According to Doreen Stabinsky, a professor of global environmental politics, “‘Climate Smart Agriculture’ is a feeble attempt to green the image of industrial agriculture – a difficult task given that fertilizer production and use and industrial beef production emit huge quantities of greenhouse gases. Over 100 civil society and farmers organizations from around the world are loudly rejecting a new US initiative, the Global Alliance on Climate-smart Agriculture.”63

According to La Via Campesina, the world’s largest peasant movement, “soil carbon markets could also open the door to offsets for genetically modified crops and large-scale land grabs for biochar.” Biochar is charcoal used as a soil amendment. Like most charcoal, it is made from biomass via pyrolysis. It is promoted by some as an approach to carbon sequestration. However, vast monocultures of fast-growing tree plantations would be needed to provide the necessary raw material if biochar carbon sequestration were to be implemented on a large scale.
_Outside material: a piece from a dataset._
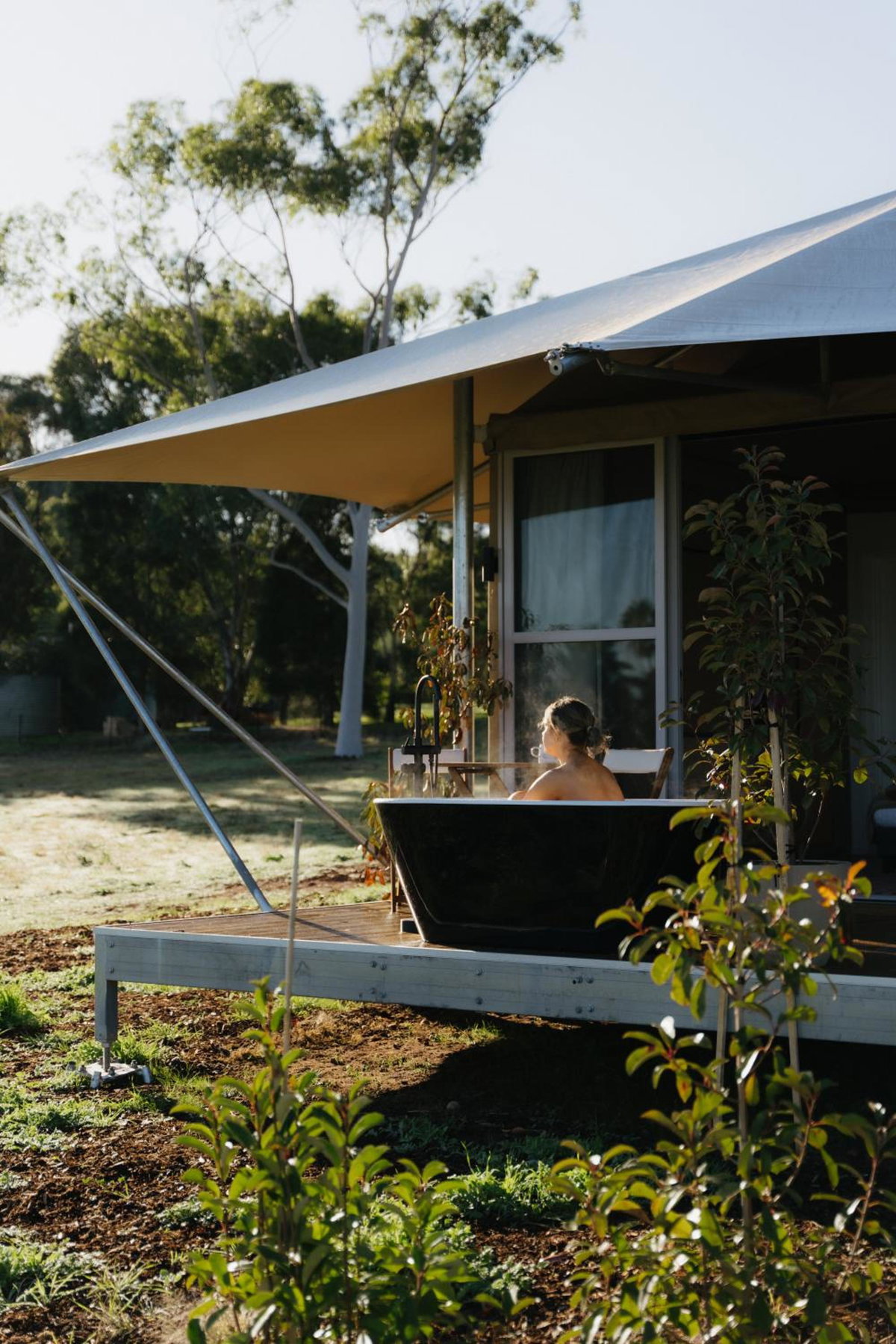 Hotel · CANVS by CABN Seppeltsfield Barossa, Seppeltsfield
Peter Reed, an energy lecturer in New Zealand, coined the word biochar in 2005. He reckons that an area of 1.4 billion hectares should be enough. That’s a little more than the total area of arable land in the world! Africa is already suffering from a land grab epidemic – the race to control soils for carbon trading and sequestration could only make this worse.

In May 2009, the Congo Basin Forest Fund announced the first and so far only REDD-related grant for the use of biochar, i.e. fine-grained charcoal added to agricultural soils. The €338,000 grant went towards a project in the Democratic Republic of Congo called “Phasing out Slash-and-Burn farming with Bio-char”. The project was initiated by a Belgian-based ‘social profit organisation’ called Biochar Fund, together with a local partner organisation, ADAPEL. According to the Congo Basin Forest Fund’s (CBFF) website, the project will “replace slash-and-burn farming” because biochar ‘maintains soil fertility and constitutes a stable and easily measurable carbon sink. Bio- char thus enriches the soil and makes it more productive, which lessens the pressure to encroach on forest land. Using crop residues to produce bio-char also generates renewable energy in a low-cost manner, and this reduces local dependency on firewood.’ None of those claims have been borne out by scientific field trials…The CBFF biochar grant was not only a ‘first’ as far as biochar funding is concerned – it is also the only CBFF grant to support a technology or practice claimed to sequester carbon in soils. Carbon credits for soil carbon sequestration are one of the aims pursued by the World Bank in Durban and beyond.

“The voluntary soil carbon market will be another space for financial speculation, and while farmers receive pennies, speculators will make ridiculous profits. This is just another way for polluting industries and countries to evade real reductions in emissions. If we as farmers sign a soil carbon agreement, we lose autonomy and control over our farming systems. It is inseparable from the neoliberal ideology of converting absolutely everything (land, air, biodiversity, culture, genes, carbon, etc.) into capital, which in turn can be placed in some kind of speculative market.”64

A new form of colonialism

The No REDD in Africa Network has, since its creation, declared categorically that “REDD is not just a false solution to climate change but is emerging as a new form of colonialism, economic subjugation, impoverishment and land grabs so massive that they may constitute a Continent Grab.”65 Many social movements, academics and analysts agree.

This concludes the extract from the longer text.